There was a packed panel discussion at Comic-Con featuring Jason Shawn Alexander, Dave McKean, Kent Williams, David Mack, Bill Sienkiewicz, Grant Morrison, Stephanie Inagaki, Barron Storey, and Ryan Graff and hosted by producer John Shnepp. The artists had a lively discussion recounting early experiences that shaped how they became involved in art and how they approach creativity -- and all of their experiences have been surprisingly (or perhaps not surprisingly) different. Stephanie Inagaki, for instance, had parents very encouraging of her creative pursuits and couldn't imagine not doing art, while Bill Sienkiewicz's father wanted him to be an electrician. Jason Shawn Alexander admits his father drew a lot and it became a bonding point between them -- a basis for their connection. Grant Morrison's creativity, ironically, was born of a kind of utilitarian need: since his parents could not afford the family any luxuries, Grant had to learn to make his own toys. All of the artists had fascinating experiences, and what informs, inspires, and motivates them. And how they've hacked a life that is both sustained and intensified by making art. If it was any indication of what we can expect from the film, it's going to be phenomenal.

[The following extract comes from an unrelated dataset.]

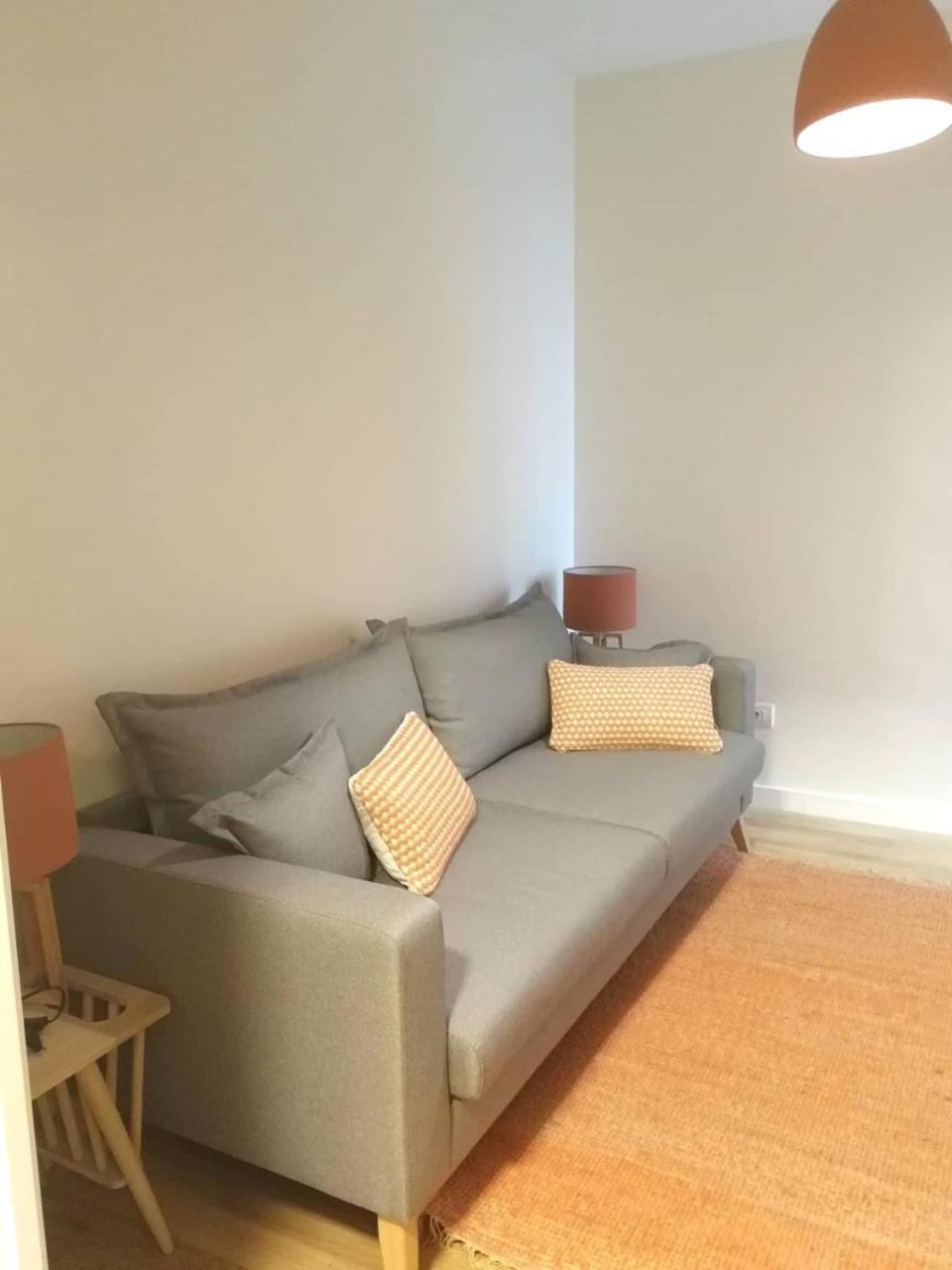 Gatto Bianco Apartment Bari Exteriör bild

Following is a list of the artists participating. I was thrilled to see such a wide scope that included brand new (to me at least!) talents alongside folks I know and love -- and even some I'd written about over the years: Barron Storey, Bill Sienkiewicz, Brian Thies, Christian Shillito, Christine Wu, Coop, Dadushin, Dan Quintana, Danni Shinya, Dave McKean, Dave Stoupakis, David Mack, Dongyun Lee, Dorian Iten, Gail Potocki, Greg Ruth, Hueman, Jasmine Worth, Jason Shawn Alexander, JAW Cooper, Jenna Gibson, Jensine Eckwall, Jim Mahfood, John Malloy, Jon Burgerman, Junko Mizuno, Justin Volz, Karen Hsiao, Kellesimone Waits, Ken Garduno, Kent Williams, Kozyndan, Kurt Huggins, Kyle Stecker, Marc Scheff, Matthew Bone, Matthew Levin, Nicole Maloof, Ping Zhu, Rebecca Guay, Roman Dirge, Rovina Cai, Satine Phoenix, Scott Fischer, Shaun Berke, Soey Milk, Stephanie Inagaki, Teresa Fischer, Vincent Castiglia, You Jung Byun, Zak Smith, and Zelda Devon.